Kensa’s CEO Simon Lomax says:
We wholly embrace the CCC’s call for urgent action and would hope the Government would look to introduce this requirement before 2025. The report identified a skills gap, but the knowledge and technology is already here and is deploying at scale in more challenging retrofit applications.
Kensa recently installed England’s largest residential ground source heat pump installation at eight high-rise tower blocks owned by the London Borough of Enfield. This project featured the shared ground loop array infrastructure which effectively takes the place of the gas network and serves an individual heat pump and hot water cylinder installed inside each dwelling.

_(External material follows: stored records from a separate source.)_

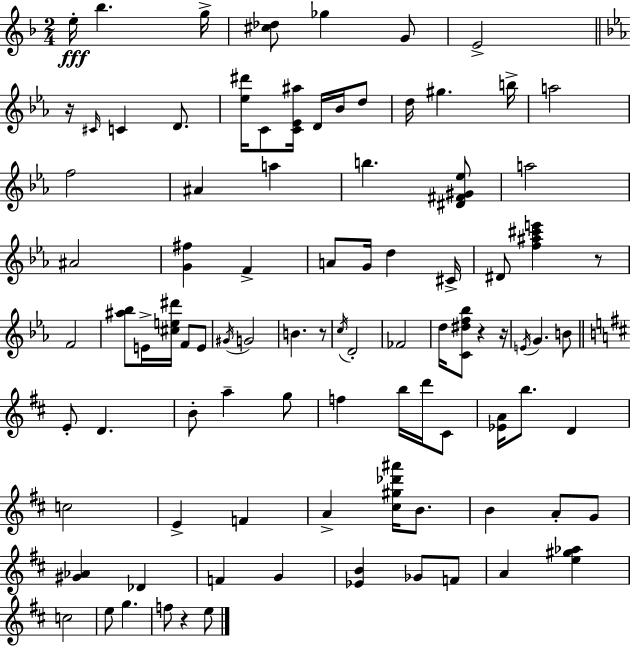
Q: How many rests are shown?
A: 6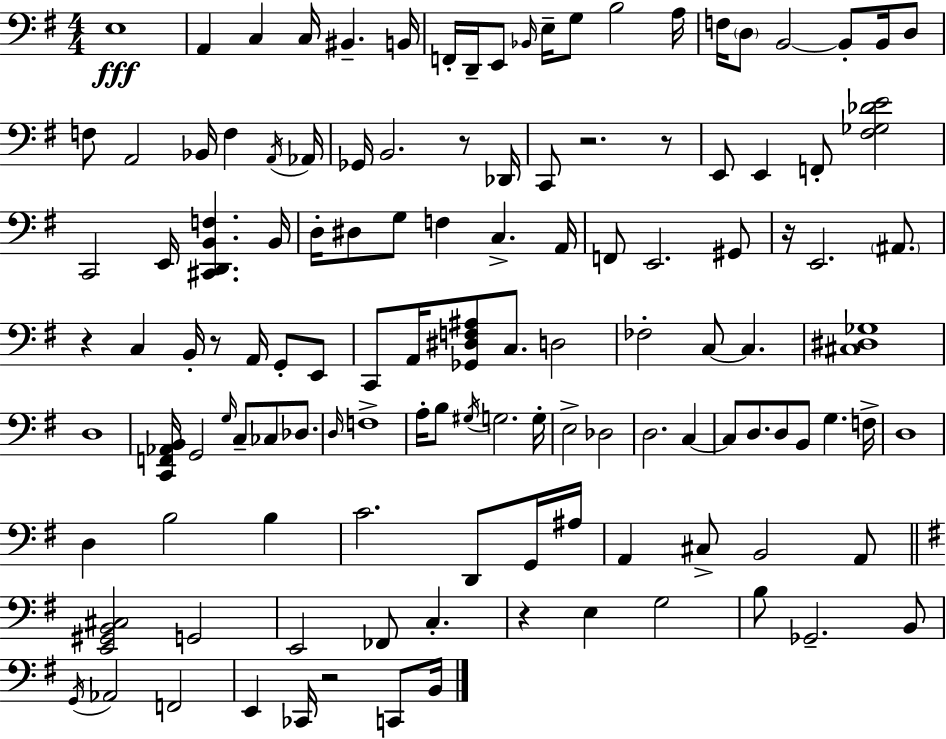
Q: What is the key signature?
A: E minor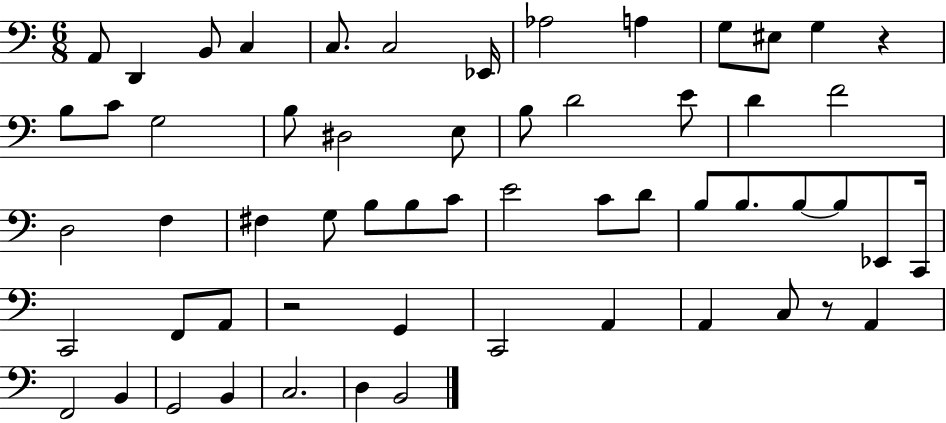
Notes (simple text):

A2/e D2/q B2/e C3/q C3/e. C3/h Eb2/s Ab3/h A3/q G3/e EIS3/e G3/q R/q B3/e C4/e G3/h B3/e D#3/h E3/e B3/e D4/h E4/e D4/q F4/h D3/h F3/q F#3/q G3/e B3/e B3/e C4/e E4/h C4/e D4/e B3/e B3/e. B3/e B3/e Eb2/e C2/s C2/h F2/e A2/e R/h G2/q C2/h A2/q A2/q C3/e R/e A2/q F2/h B2/q G2/h B2/q C3/h. D3/q B2/h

Government has delayed the introduction of any effective regulations that will encourage the deployment of heat pumps in new build housing. Thankfully, the Greater London Authority (GLA) has lost its patience and now requires planning applicants to base their energy strategies on the forthcoming carbon intensity factors proposed for the next generation of SAP, the software that demonstrates compliance with building regulations. As a result, London will lead the way.
The expected increase in heat pump deployment prompted the GLA to commission a 2018 report, ‘Low Carbon Heat: Heat Pumps In London’. Kensa’s shared ground loop infrastructure is described in the report as ‘the most efficient, lowest carbon, and lowest cost solution when utilised in new build houses compared to various air source, direct electric, gas and CHP configurations’.